Why was cinema banned in Saudi?
Cinemas were banned in the 1980s as they were considered a corrupting influence and a threat to religious and cultural identity.
How have people in Saudi managed to watch films and where?
People who want to watch films in Saudi Arabia mainly do so within their homes via satellite TV, DVD or over the internet. Despite there being no cinema, Saudi has successfully hosted four film festivals. Launched by the Saudi Arabian Society for Culture and Arts, the film festival had its fourth edition in March 2017 after a hiatus of four years. In total, 59 films were screened during the festival.
Are there any Saudi films?
There have only been a handful of Saudi-made films, the most notable of which is Wadjda. Written and directed by Haifaa Al Mansour, it was selected as the Saudi Arabian entry for the Best Foreign Language Film at the Oscars in 2013. It was the first film to be shot entirely in Saudi Arabia.
Wajda tells the story of a young girl who longs to ride a bike but is trapped by the conservatism of the neighbourhood and her country.
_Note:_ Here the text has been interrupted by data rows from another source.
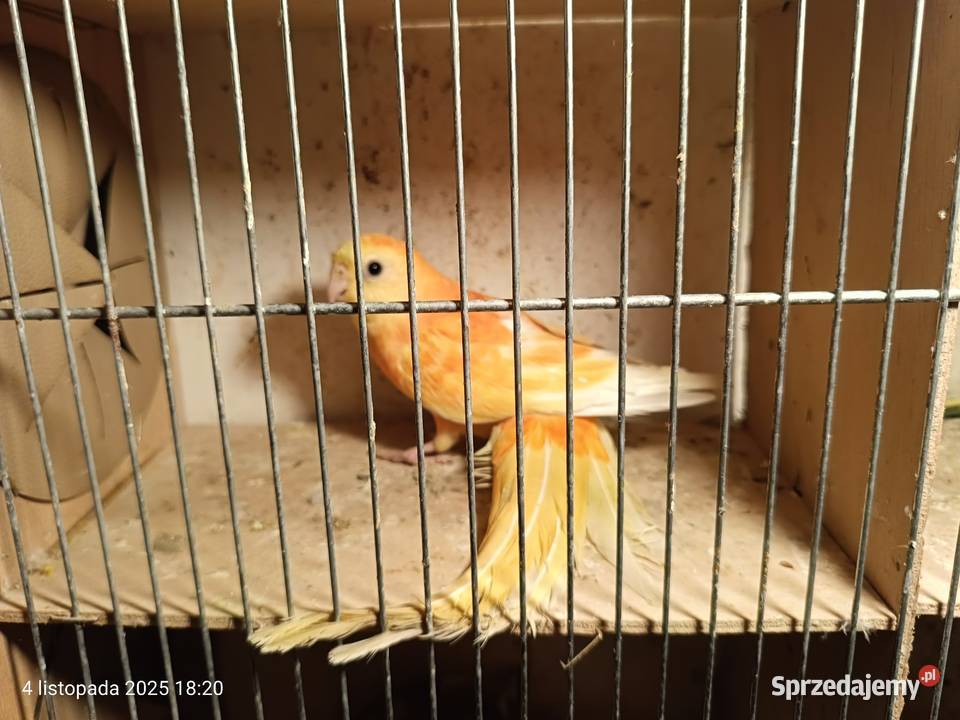 Dorosłe pary świergotek Rybnik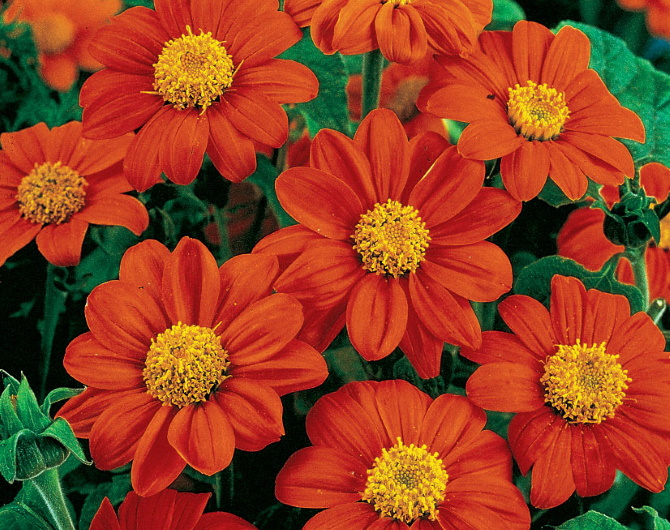 Mexican Sunflower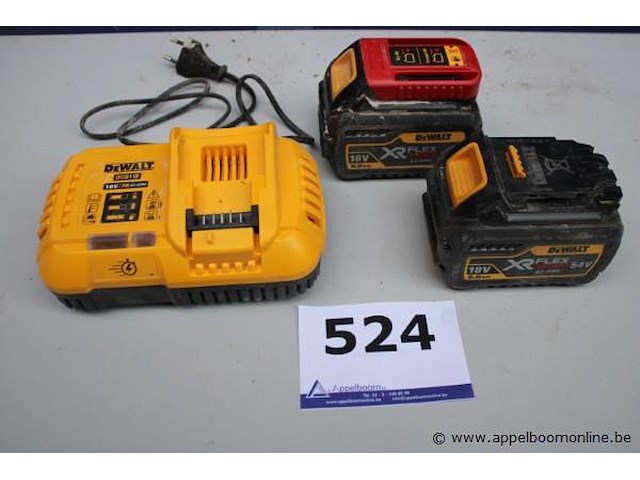 2 batterijen plus oplader dewalt, werking niet gekend - afbeelding 1 van  3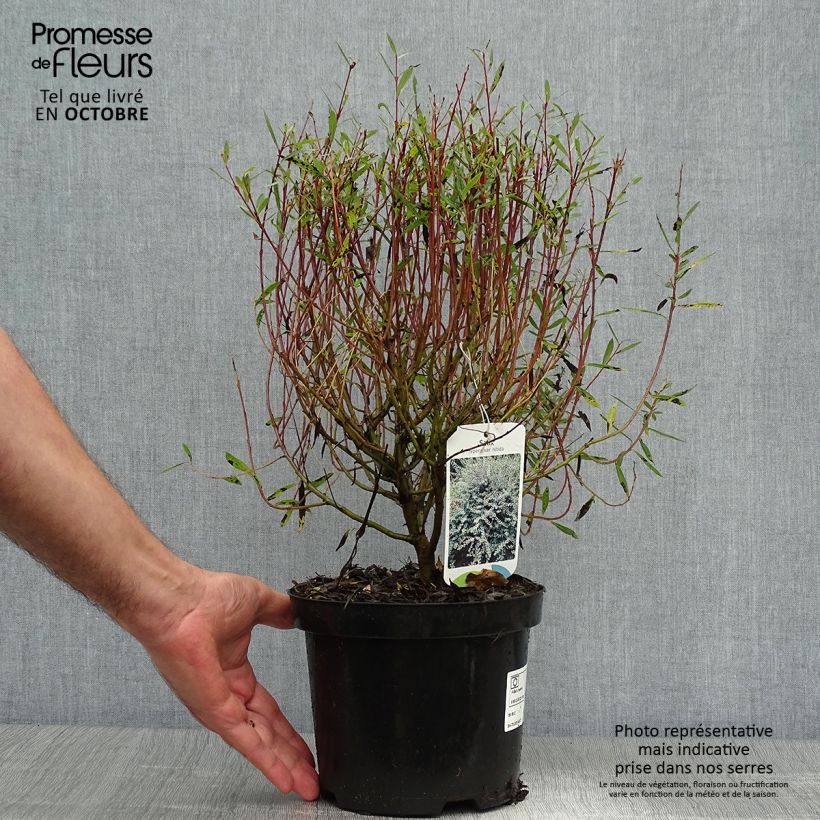 Ejemplar de Salix repens - Saule rampant en pot de 2/3L entregado en otoño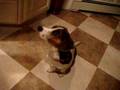 Staring Dog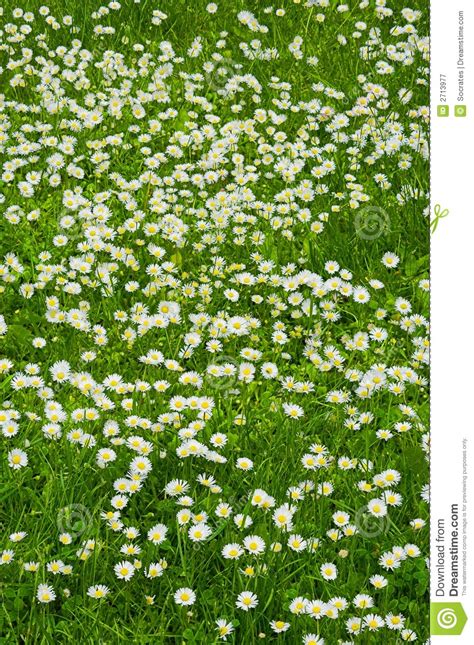 A Lawn Of White Flowers Royalty Free Stock Photography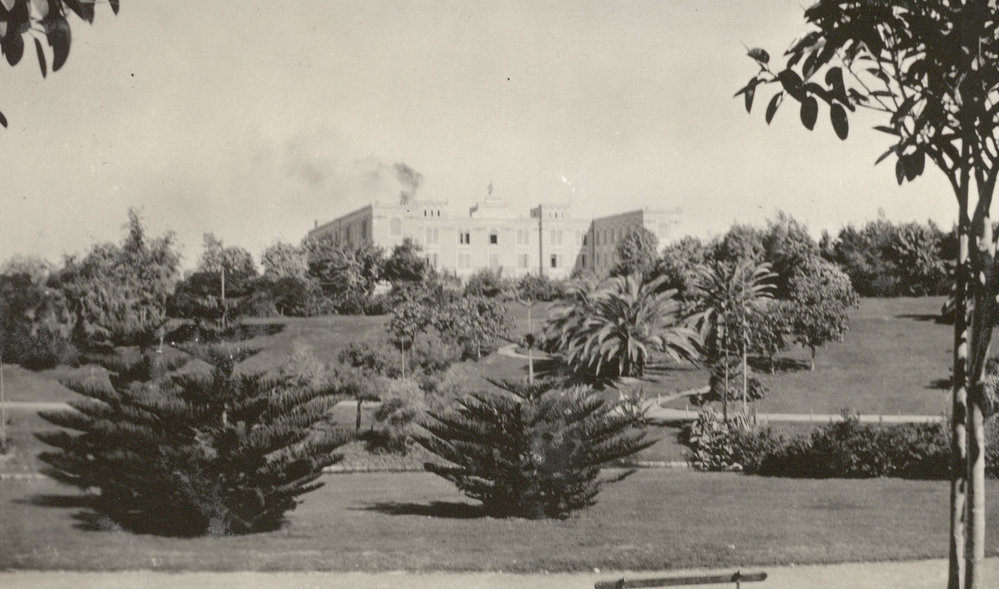 Photo from page 16 of album WWI Photograph Album - Medical Staff &amp; Nurses: Egypt and England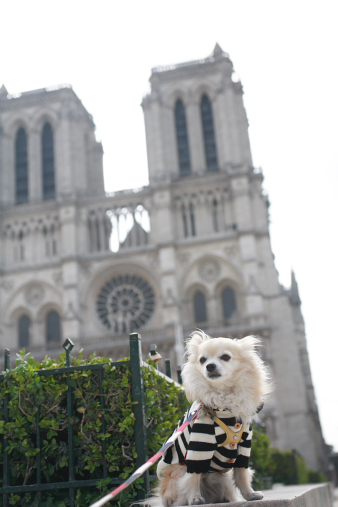 paris72.jpg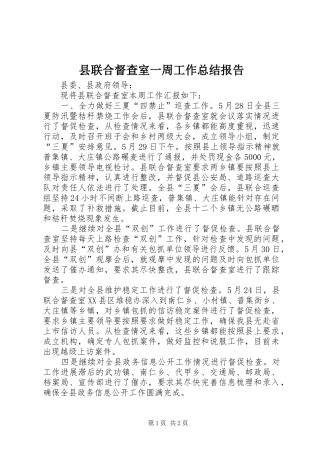 县联合督查室一周工作总结报告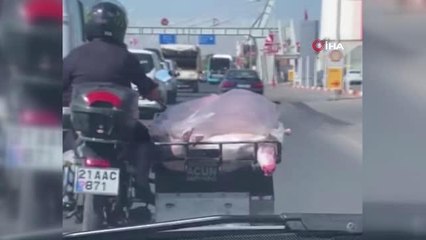 Diyarbakır'da sağlıksız et taşıma görenleri şaşırttı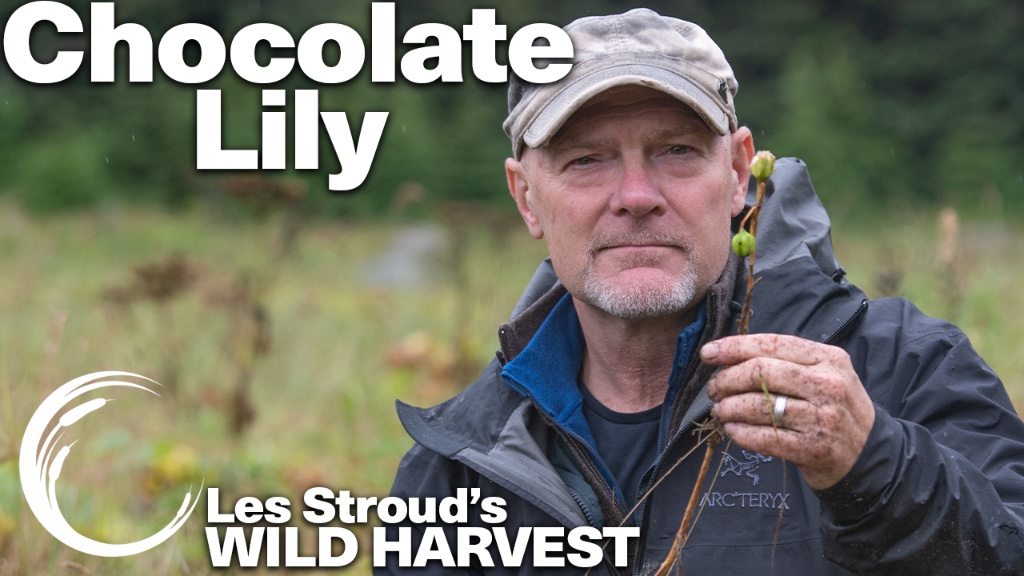 In case you've missed them - new WILD HARVEST episodes up on Youtube: (copy and paste): youtube.com/@SurvivormanLe… More to come each Friday!!!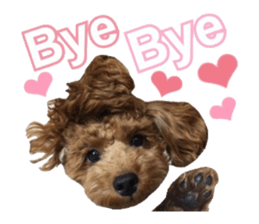 Toypoodle~coto~ little bit English sticker #14261087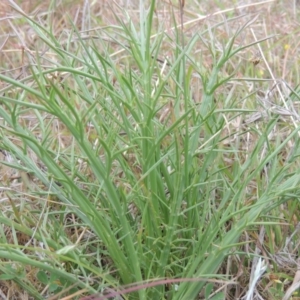 Eryngium ovinum at Mulligans Flat - 4 Nov 2023 03:09 PM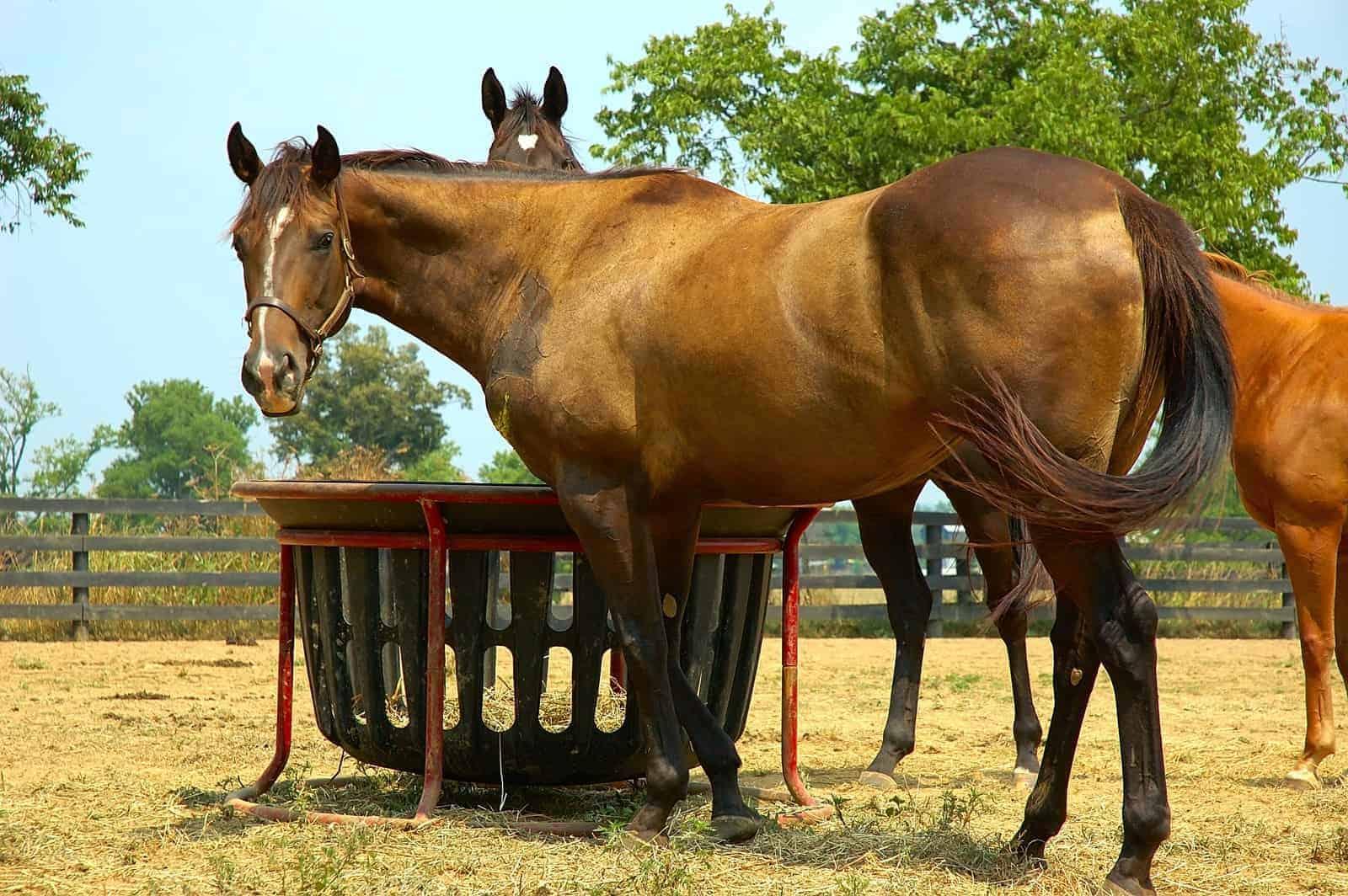 What Nutrients Does a Horse Need? – The Horse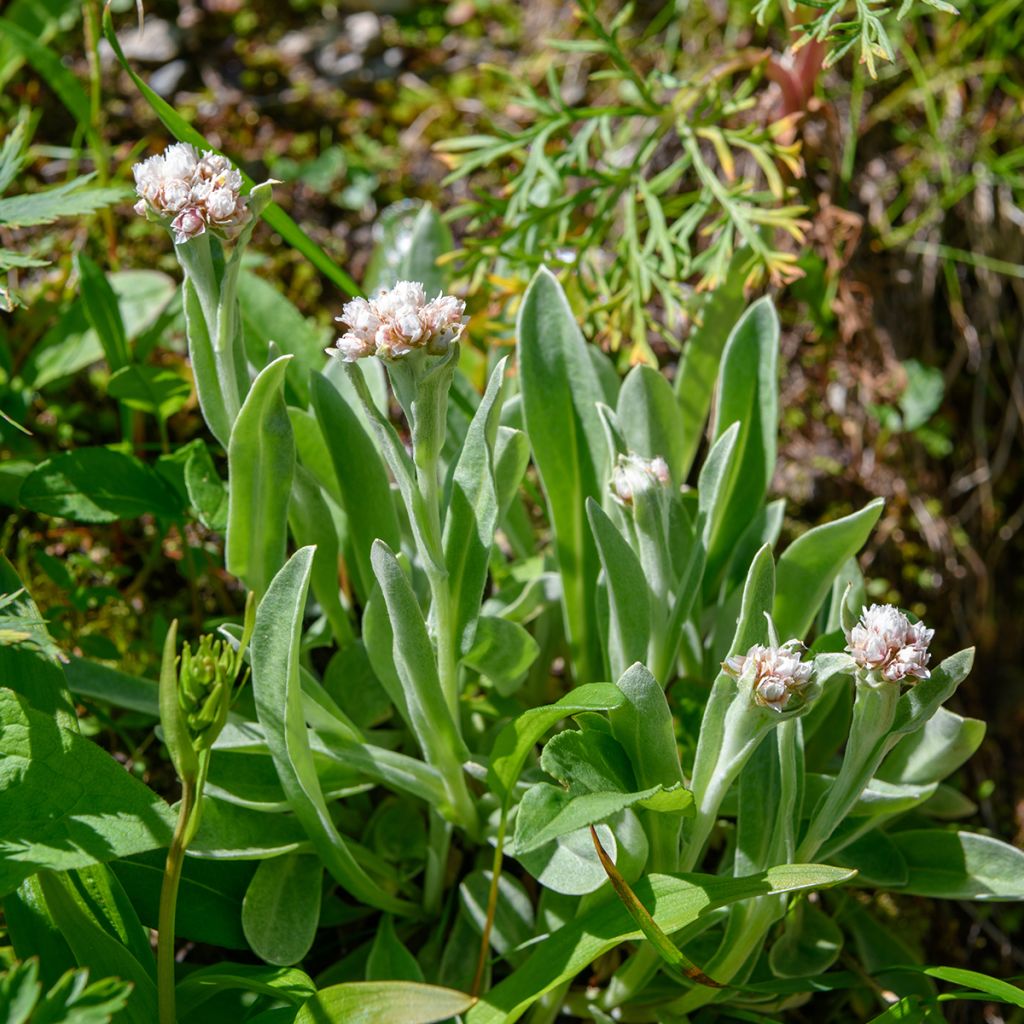 Anaphalis alpicola - Bouton d'argent des Alpes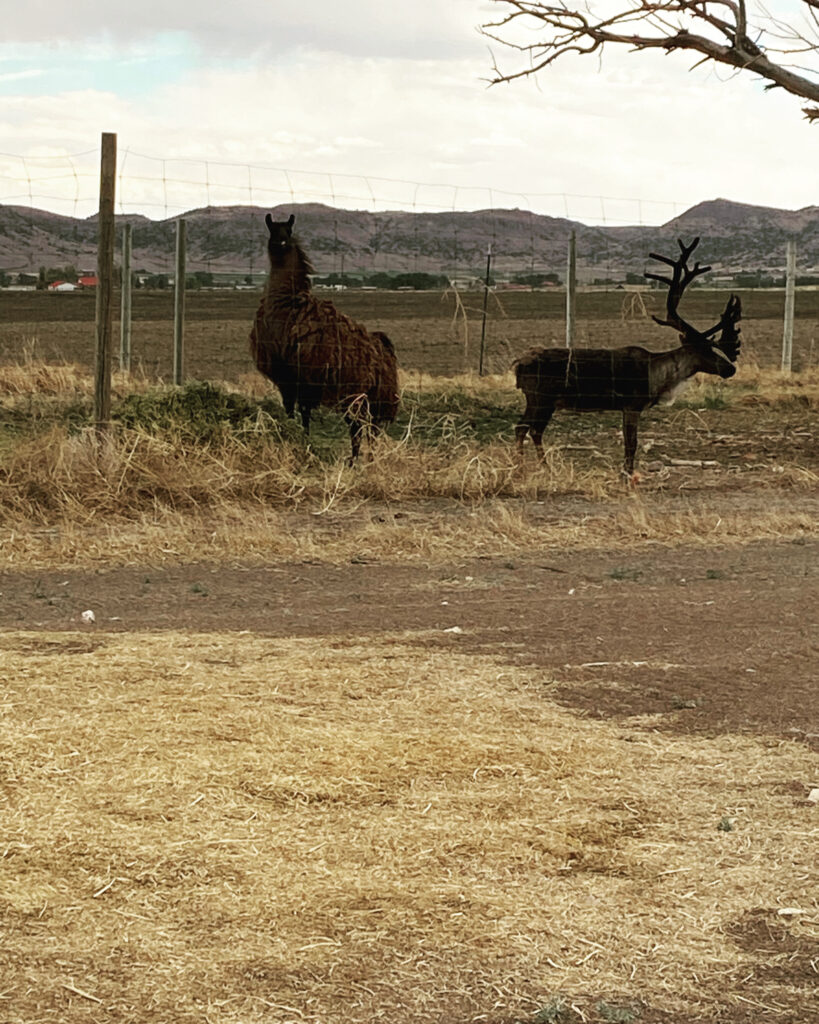 Llama and Reindeer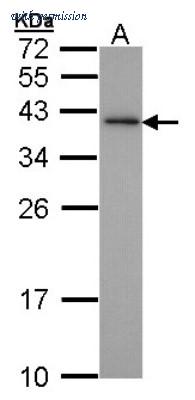 Novus Biologicals NBP1-31288 image 1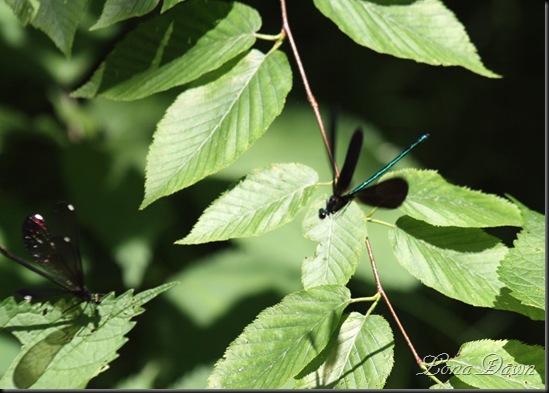 OMC_Dragonflies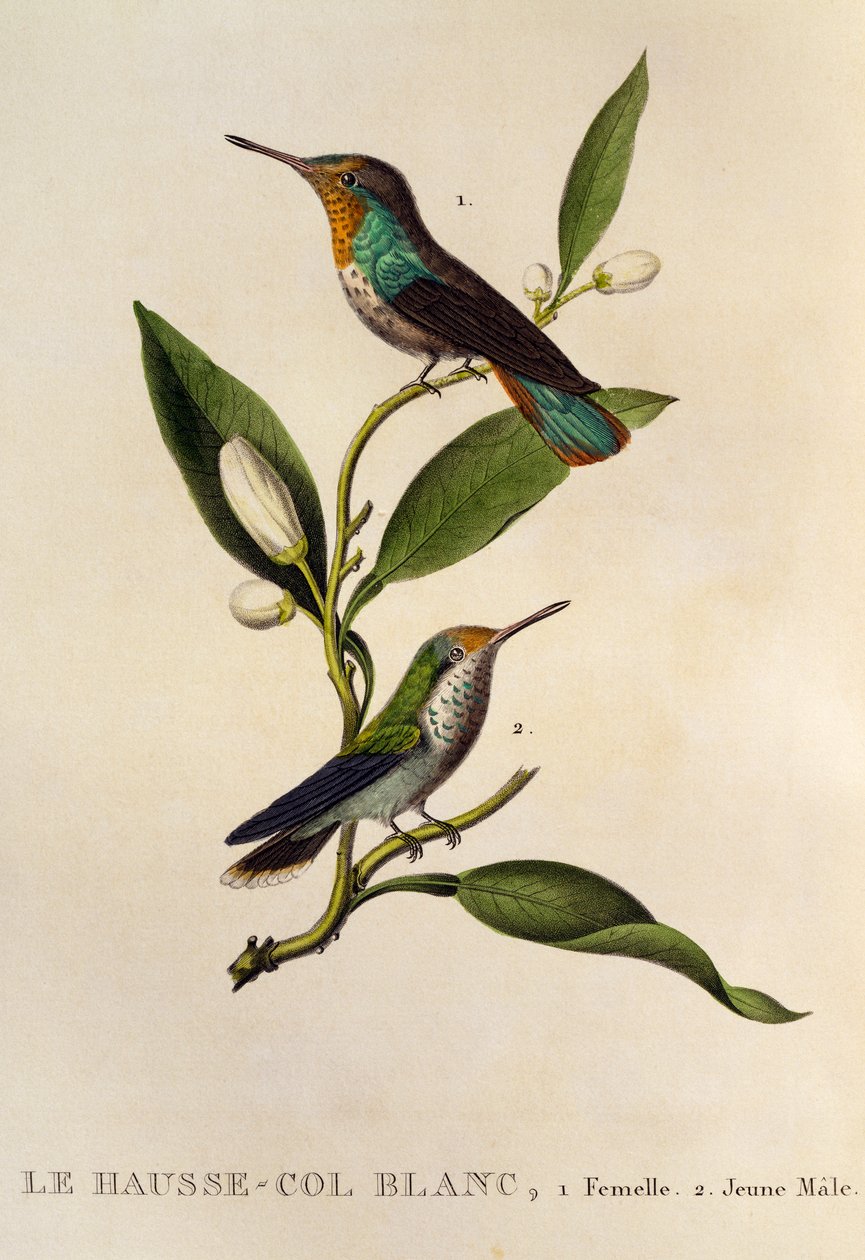 Colibri-beija-flor Ruby-topaz fêmea e macho jovem (Chrysolampis mosquitus), gravura de Les trochilidees ou les colibris et les oiseaux-mouches de René Primevère Lesson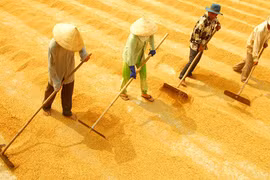 La production de riz estimée à 45,2 millions de tonnes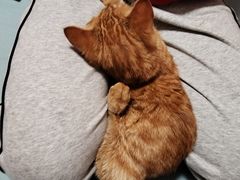 -中农国际动物医院24小时·猫科·骨科·急重症中心
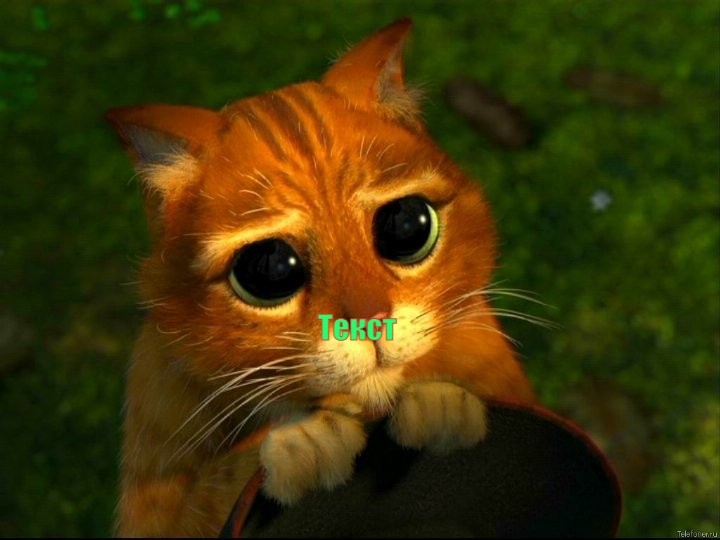 Create meme: shrek's cat look, cat Shrek eyes, meme the cat from Shrek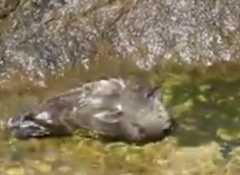 Arenaria melanocephala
Another film of note was Barakah Yoqabil Barakah, which was entered as Saudi Arabia's choice for the Oscar Awards in 2017. The comedy, directed and written by Mahmoud Sabbagh, tells the tale of a romance between a middle-class man and a woman from a wealthy family. It was the first Saudi film to debut on Netflix.
When will cinemas in Saudi open?
The first movie theatres are slated to open in March 2018. There are plans to have more than 2,000 screens up and running by 2030.
What are the knock-on effects?
The move to open cinemas in Saudi could affect tourism for the UAE and Bahrain, a concept explored in Saudi Arabian documentary film Cinema 500km. Directed by Abdullah Al Eyaf, the film tells the story a 21-year-old Saudi film fan who has to travel 500 kilometres to Bahrain for his first cinema experience.
In 2012, the mayor of Riyadh, Prince Abdulaziz bin Ayyaf, told The National that a surprisingly large number of tourists visited the UAE from Saudi solely to attend the cinema.
“About 230,000 tourists from the kingdom went to the United Arab Emirates in the summer of 2010 simply for the sake of watching movies,” said the mayor earlier this year, in a comment that was jumped on by those pushing for further liberalisation in a country where cinemas have been banned since the 1970s. “It shows that cinemas in the kingdom have become important,” he added.